Items from a dataset
════════════════

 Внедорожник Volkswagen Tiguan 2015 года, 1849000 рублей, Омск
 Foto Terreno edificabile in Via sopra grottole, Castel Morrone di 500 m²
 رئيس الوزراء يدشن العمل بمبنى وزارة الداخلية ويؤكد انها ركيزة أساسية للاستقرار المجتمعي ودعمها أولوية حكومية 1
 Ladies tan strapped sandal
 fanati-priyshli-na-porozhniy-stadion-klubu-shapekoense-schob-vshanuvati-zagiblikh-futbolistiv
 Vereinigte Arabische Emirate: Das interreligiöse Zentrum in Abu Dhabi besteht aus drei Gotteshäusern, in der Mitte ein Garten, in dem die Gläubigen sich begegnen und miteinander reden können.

════════════════

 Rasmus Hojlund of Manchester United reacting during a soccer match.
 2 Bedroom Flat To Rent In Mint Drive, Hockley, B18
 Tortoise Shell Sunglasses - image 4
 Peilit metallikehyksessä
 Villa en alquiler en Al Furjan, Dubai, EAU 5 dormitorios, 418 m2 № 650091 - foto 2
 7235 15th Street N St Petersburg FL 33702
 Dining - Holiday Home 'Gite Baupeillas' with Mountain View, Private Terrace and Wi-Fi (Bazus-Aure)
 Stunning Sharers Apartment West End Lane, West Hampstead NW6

════════════════

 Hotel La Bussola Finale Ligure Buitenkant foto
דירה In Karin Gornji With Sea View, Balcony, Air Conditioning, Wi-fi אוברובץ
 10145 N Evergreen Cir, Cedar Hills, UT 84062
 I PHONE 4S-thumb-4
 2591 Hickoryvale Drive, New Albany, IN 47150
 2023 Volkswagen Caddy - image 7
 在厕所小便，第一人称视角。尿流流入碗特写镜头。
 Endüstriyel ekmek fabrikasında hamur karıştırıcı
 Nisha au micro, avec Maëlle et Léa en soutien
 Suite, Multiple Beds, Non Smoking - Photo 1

════════════════

# EXERCISE AIM:
In the entries above, the lines between the one holding "Внедорожник Volkswagen Tiguan" and the one holding "Vereinigte Arabische Emirate: Das", inclusive, are to be printed exactly as written, and those alone.

# ANSWER BOX:
 Внедорожник Volkswagen Tiguan 2015 года, 1849000 рублей, Омск
 Foto Terreno edificabile in Via sopra grottole, Castel Morrone di 500 m²
 رئيس الوزراء يدشن العمل بمبنى وزارة الداخلية ويؤكد انها ركيزة أساسية للاستقرار المجتمعي ودعمها أولوية حكومية 1
 Ladies tan strapped sandal
 fanati-priyshli-na-porozhniy-stadion-klubu-shapekoense-schob-vshanuvati-zagiblikh-futbolistiv
 Vereinigte Arabische Emirate: Das interreligiöse Zentrum in Abu Dhabi besteht aus drei Gotteshäusern, in der Mitte ein Garten, in dem die Gläubigen sich begegnen und miteinander reden können.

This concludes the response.